The cultural mandate
The best place to start answering this question is in the creation account. “And God blessed them. And God said to them, ‘Be fruitful and multiply and fill the earth and subdue it, and have dominion over the fish of the sea and over the birds of the heavens and over every living thing that moves on the earth,’” (Gen. 1:28). This charge given to Adam and Eve is known as the cultural mandate. In this command God stated his desire for man to not only populate the earth and care for creation, but to build and create human culture.
Culture is the sum total of what a people know, believe, think, experience, build and create. Culture is not just the arts, but the arts are certainly part of a culture’s foundation. Art functions as both the soil for cultural growth and the fruit that it yields.
The cultural mandate is a key part of the artist’s identity and role in God’s plan for the world. The work of our minds and hands contributes to human culture. What artists produce builds culture, in both large and small ways. This mandate shows us that what we put into the world matters to God.
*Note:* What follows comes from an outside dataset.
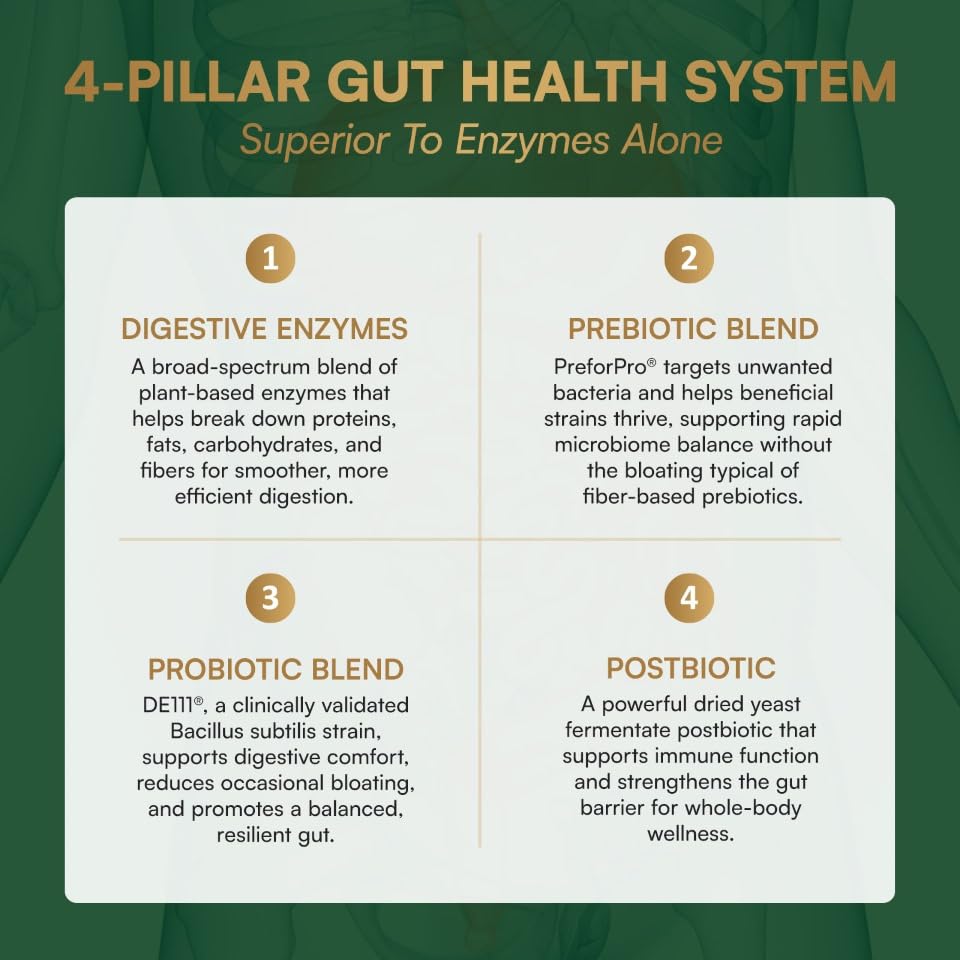 Purity Products Advanced Digestive Enzymes with Probiotics & Prebiotics – Digestive Health Supplement for Bloating, Gas Relief & Gut Support – Plant-Based Enzymes + 1.5B CFUs, 60 Veggie Capsules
God’s specific call to artists
In Art for God’s Sake, Phillip Ryken points to the story of Bezalel to demonstrate how God views the work of the artist. In Exodus 31, God called Bezalel by name to build His tabernacle: “See, I have called by name Bezalel the son of Uri, son of Hur, of the tribe of Judah, and I have filled him with the Spirit of God, with ability and intelligence, with knowledge and all craftsmanship, to devise artistic designs, to work in gold, silver, and bronze, in cutting stones for setting, and in carving wood, to work in every craft,” (Ex. 31:2-5).
This is a specific call for Bezalel to build the tabernacle. As such, we have to recognize that not all of his experience applies to all Christians in all situations. However, the text is clear and provides principles for thinking through the believer’s pursuit of art. Namely, that the gifts and abilities of an artist come from the Lord, and that He gave them to us for His purposes.
When God creates an artist, he does so with the talents and abilities necessary to see His beauty and truth in the world, and lead others to them. The call of the artist is a personal one that comes from God. For an artist to walk away from this call, either in purpose or use of their gifts, is tragic.
An artist is likely to ask at some point, “But, how do I know if I’m supposed to be an artist?” It is a fair and honest question. There are many people who wish to be artists but don’t have the corresponding gifts, and others who have these gifts who don’t want them. I think there are two ways to be sure in your calling, and both are important. First, you should have a deep need to create or use your gift. You simply must do it. Second, your gift will be recognized and validated by people who are qualified to judge.
How do we glorify God in our work?
This leaves us with the obvious question, how do we glorify God through our art? The simple answer is that by using your gifts to show His beauty and truth to the world you will glorify Him.
While the tabernacle glorified God explicitly, all art has the potential to glorify God. But this is only true so far as it reflects the character, virtues, beauty and truth of God. Artistic gifts, like anything else under the sun, can be put to tasks that glorify God or rebel against Him.
A work of art does not have to be obviously evangelistic or “Christian” to glorify God. Conversely, I believe that many “Christian” works do not glorify God at all. Art most truly praises God when the heart of the artist seeks to glorify Him in their work. It is the orientation of the artist’s heart and the extent to which the work reflects God’s beauty and truth that matters.
There is a spiritual danger for artists who embark on this journey of seeking to glorify God with their art: idolatry. We idolize art when we make being an artist our identity ahead of our identity as blood-bought sons and daughters of the King. We idolize art when we believe it is valuable for its own sake. We idolize art by refusing to acknowledge that art itself is for the glory of God. We must beg the Holy Spirit to sanctify us and persevere us through these temptations. When we idolize art, we do great damage to our souls.
Artists glorify God by making good art, just as Jesus glorified God by making good tables. The call of the artist to glorify God is no different than the call of any other Christian to glorify God in their work. The aim of glorifying God through art is another facet of a biblical theology of vocation.
Catholic writer Dorothy Sayers put it best when she wrote: “The church’s approach to an intelligent carpenter is usually confined to exhorting him not to be drunk and disorderly in his leisure hours, and to come to church on Sundays. What the church should be telling him is this: that the very first demand that his religion makes upon him is that he should make good tables.” When Jesus was learning to be a carpenter from Joseph, I bet his desire was to glorify God by making good tables.